Being the (flop) musical of the book of Genesis, Jesus didn't get a look in, but God did as played by Ken Page. Highlights (or perhaps lowlights) included "Ain't it good", a song sung by Mama Noah and her Family and the Ark Angels.

Jesus Christ Superstar

In the beginning there were two young men who didn't have knighthoods but they did have an idea. They dreamed of a show for schools and lo, they did write it and upon its publication and recording, children throughout the land did sing along and it was called Joseph and His Amazing Technicolour Dreamcoat. And it was good. And they saw that it was good and they did go forth and multiply. Joseph begat Jesus, who was called Superstar, and he travelled throughout the lands on a double album which shot up the charts, went gold, spawned concert stagings and verily, it did wind up at the Mark Hellinger Theatre on Broadway on 17 October 1971.
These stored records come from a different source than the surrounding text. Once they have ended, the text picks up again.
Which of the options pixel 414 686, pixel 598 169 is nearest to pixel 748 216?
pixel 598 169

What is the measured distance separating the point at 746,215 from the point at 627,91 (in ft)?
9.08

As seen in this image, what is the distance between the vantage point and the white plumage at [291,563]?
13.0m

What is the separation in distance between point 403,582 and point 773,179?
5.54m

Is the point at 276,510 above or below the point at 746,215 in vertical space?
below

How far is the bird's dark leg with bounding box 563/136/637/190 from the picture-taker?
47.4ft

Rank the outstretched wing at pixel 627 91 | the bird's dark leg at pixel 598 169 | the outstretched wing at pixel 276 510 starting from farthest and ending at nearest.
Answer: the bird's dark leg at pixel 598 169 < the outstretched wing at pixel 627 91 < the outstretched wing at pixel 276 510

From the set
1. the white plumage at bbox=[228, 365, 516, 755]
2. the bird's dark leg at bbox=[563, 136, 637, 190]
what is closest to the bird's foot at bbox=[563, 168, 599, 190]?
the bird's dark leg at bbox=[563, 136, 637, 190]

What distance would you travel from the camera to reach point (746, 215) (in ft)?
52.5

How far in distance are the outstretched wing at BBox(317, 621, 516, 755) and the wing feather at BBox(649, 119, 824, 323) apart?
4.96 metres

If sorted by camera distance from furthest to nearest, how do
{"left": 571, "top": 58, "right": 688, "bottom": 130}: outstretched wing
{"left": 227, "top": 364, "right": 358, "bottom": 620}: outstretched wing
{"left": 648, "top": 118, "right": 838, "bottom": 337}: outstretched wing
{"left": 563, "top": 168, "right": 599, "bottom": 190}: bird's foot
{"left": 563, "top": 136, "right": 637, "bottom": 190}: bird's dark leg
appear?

The subsequent London staging opened on 9 August 1972 and ran for eight years clocking up a staggering 3,358 performances. Paul Nicholas made his name in the title role of this through-sung piece which, like all Lloyd Webber's shows until By Jeeves, expunged spoken dialogue. It covers the last seven days in the life of Christ as seen through the eyes of Judas. He believes that the "personality cult" which has grown up around Him is getting out of hand, putting the crusade of Christianity at risk. His betrayal, therefore, is charged up by a wish to act for the greater good.

Judas was recognised as the best role in the show (Zubin Varla, a recent RSC Romeo, gets to have a crack at it this time round), and everybody sang along to the giant hit (already recorded by Yvonne Elliman and Helen Reddy), "I Know Him So Well", since covered by more female singers than you can shake a stick at.

The remarkably prescient review in Plays and Players described it as "one of the most imaginative pieces of staging I've seen in London" but added that at times it conjured up Star Trek rather than the New Testament and closed with a warning: "This fixation with technology has done much to further the feeling of detachment that performers often seem to exhibit on stage these days." Indeed.

Twenty-five years on from the original, it's back. The Lyceum Theatre has been refurbished and re-opened after years of darkness and decay (with the exception of the National Theatre run of, appropriately enough, The Mysteries) and Gale Edwards is directing a completely new production designed by John Napier with Steve Balsamo bearing the cross.

Perhaps the best thing to say about the film version is that not only is porn star Paul Thomas singing in the chorus (a case of atoning for his sins, perhaps?) but it was directed by the man with the perfect name: Norman Jewison. He also co-wrote the screenplay. With whom? None other than Melvyn Bragg.

Jesus Christ Superstar was, bizarrely enough, banned in South Africa on religious grounds. We are educated to be believe that the Bible stories should be read metaphorically. Religious fundamentalists have no truck with this type of thinking. They demand literal interpretation. That's the problem with all portrayals of Christ. Goodbye drama, hello slavish authenticity. For the designer and props buyers it's a another case of sandals and a wig and a trip to the baker and the fishmonger.